本来、王太子妃は未来の王妃、ゆくゆくは国母となる女性を選ぶ重要なことだ。王妃はただ国王を支えるだけでなく、ともに国を導き豊かにし、時に他国と交渉することもある。未来の国王を生み育てる重責も担う。そうした重要な事柄だというのに、いまの王太子妃選びは社交界での力関係や財力、貴族同士の足の引っ張り合いが中心になりつつあった。
その状況を利用しようとオペラは考えた。前回の選出は王城側が行ったため、ややこしくなりそうな家柄ははじめから排除されている。しかし、そういった家柄こそ「我が家こそは」と考えている場合が多い。そうした家柄の令嬢を新しい王太子妃候補に推薦すれば再び二人に絞るには時間がかかる。
(すでに二人になって三カ月が過ぎている。それなら新しい候補者はいかがと推薦しても否とは言えないはず)
問題は誰に推薦してもらうかだが、そこはいくつか当てがあった。そうやって候補者を増やしていけば“ぷろぐらむ”とやらが不具合を起こすかもしれない。
「わかりましたわ。
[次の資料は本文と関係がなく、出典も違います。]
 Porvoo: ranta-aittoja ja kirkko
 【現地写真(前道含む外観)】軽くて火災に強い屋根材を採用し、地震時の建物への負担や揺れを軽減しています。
お姉様のお考えが成功すること、あたしもお祈りいたしますわ」
「ありがとう」
「でも、どんな方をお選びになってもお姉様に勝る方は絶対にいらっしゃいませんわ。あたし、断言できます」
「まぁ、うれしいこと」
そう言ってオペラがにこりと微笑みかけると、ホワイトがうれしそうに頬を緩めた。
(ホワイトはそう言ってくれるけれど、実際わたくしほど王太子妃に向いていない人間はいないわ)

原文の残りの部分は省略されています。